The results of specimens Z1 and Z2 were compared as shown in Table 5. Compared with the intact specimen Z1, the bearing capacity and ductility of Z2 with a corrosion rate of 8% decreased by 10.1% and 14.8%, respectively. Therefore, the steel bars with severe corrosion (>8%) will lead to a significant decrease in the bearing capacity and ductility of the specimens. The ductility of the corroded specimen decreased more obviously than the bearing capacity.

The bearing capacity of the strengthened specimens Z3 and Z4 with a corrosion rate of 8% was increased by 4.1% and 13.99%, respectively, and the ductility was increased by 6.58% and 10.95%, respectively, compared with the intact specimen Z1. The bearing capacity of the strengthened specimens Z3 and Z4 with corrosion rate of 8% was increased by 16.1% and 20.6%, respectively, and the ductility was increased by 24.14% and 30.27%, respectively, compared with the specimen Z2 with a corrosion rate of 8%. It can be seen that the bearing capacity and ductility of the specimen was greatly improved due to the wrapping of basalt fiber sheet. With the increase of reinforcement layers, the restraint effect of basalt fiber sheet on the specimen also increased, and the improvement effect on the bearing capacity and ductility of reinforced specimens was also more obvious.

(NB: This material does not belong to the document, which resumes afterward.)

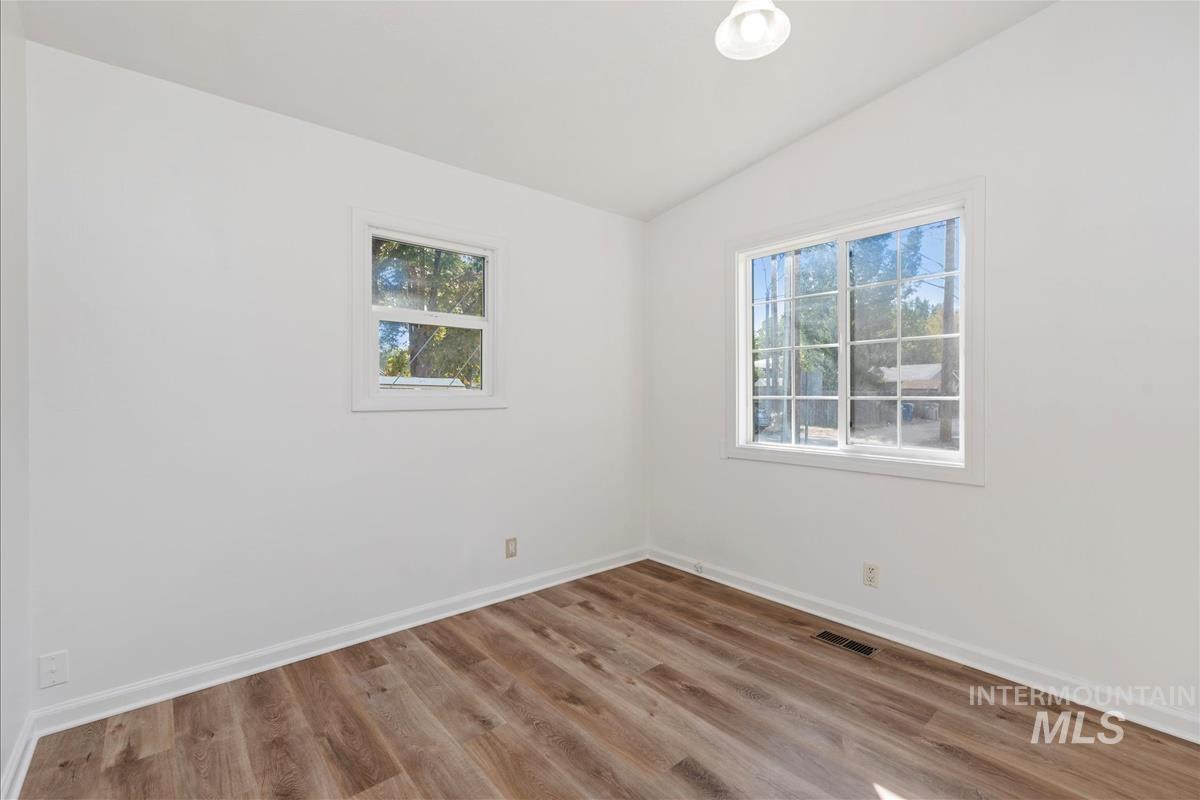3334 W Good St Property Photo 18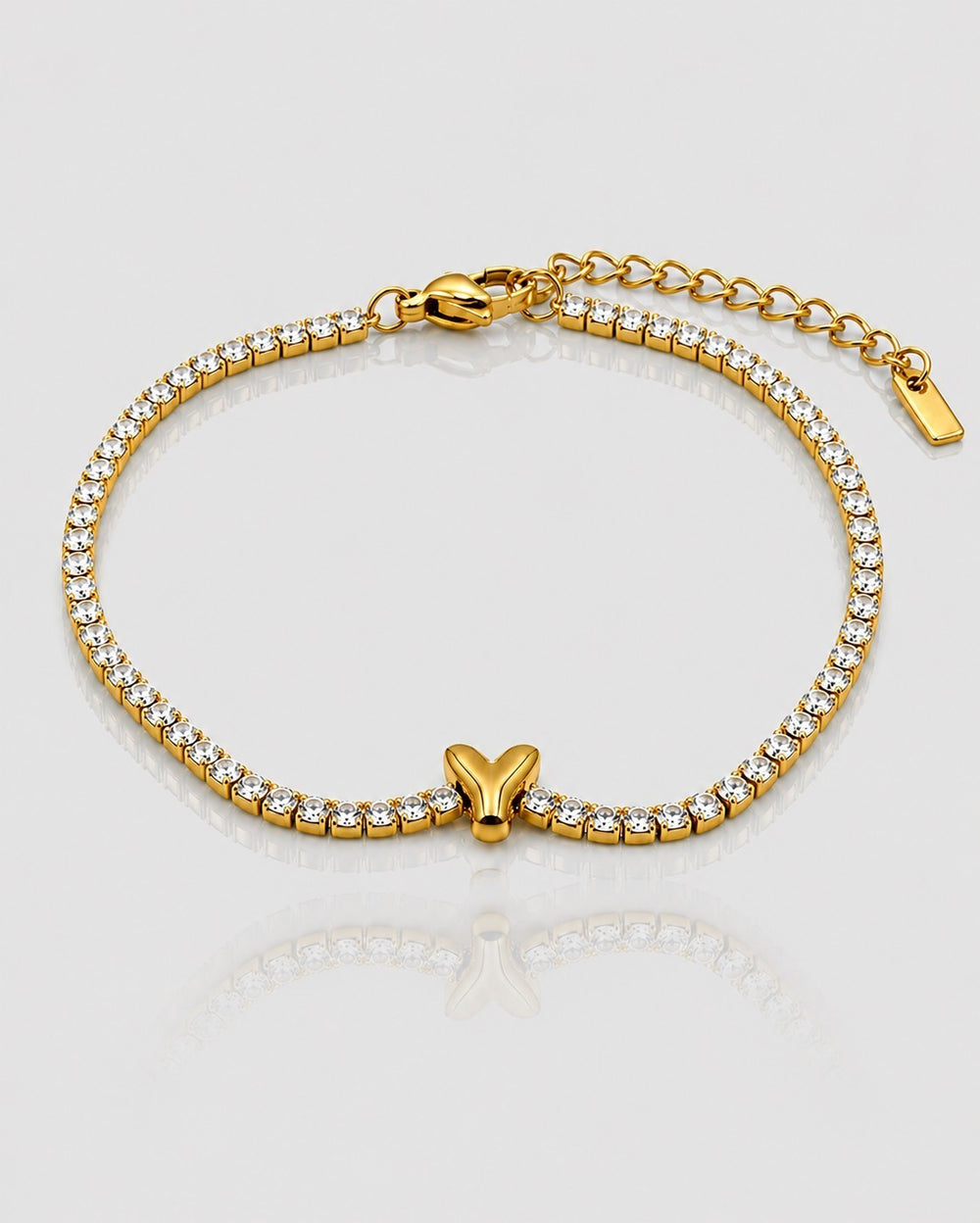 Elli Jewellery gold plated tennis bracelet featuring a letter Y charm with sparkling crystals on a delicate chain.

This indicates that utilizing a BFRP sheet can rehabilitate the ductility and bearing capacity of corroded to the level of the uncorroded specimen, and similar results can also be found in [22,23].

4. Conclusions

By carrying out low-cycle repeated tests of four reinforced concrete columns, the failure process and formation of concrete columns under working conditions of no corrosion, corrosion and corrosion reinforcement were described. The effect of changes in parameters, such as the corrosion rate and the reinforcement layers of basalt fiber on the seismic performance of reinforced concrete columns, were compared and analyzed. The conclusions are as follows:

(1)

The basalt fiber sheet bulged under horizontal repeated loads, indicating the crush of concrete. However, the concrete was still well wrapped in the basalt fiber sheet, which plays a good role in restraining the concrete.

(2)

The hysteresis curve of the intact specimen is much fuller than the corroded specimens and the hysteresis loop area is obviously larger, indicating that the energy-dissipation capacity and ductility of specimens is reduced after corrosion. The hysteretic curve of the specimen strengthened with basalt fiber sheet is much fuller than that of the corroded specimen with a larger hysteretic loop area, indicating that the bearing capacity, energy-dissipation capacity and ductility is greatly improved when reinforced with basalt fiber sheet.

(3)

The bearing capacity and ductility of the corroded specimens under repeated horizontal loads were significantly weakened compared with the intact specimens, while the bearing capacity and ductility of the corroded and reinforced specimen all exceeded those of the intact specimen.

(4)

The restraint effect of basalt fiber sheet on the specimen increases with the reinforcement layers. The more reinforced layers of basalt fiber sheet, the more obvious the ductility of the reinforced specimens is improved.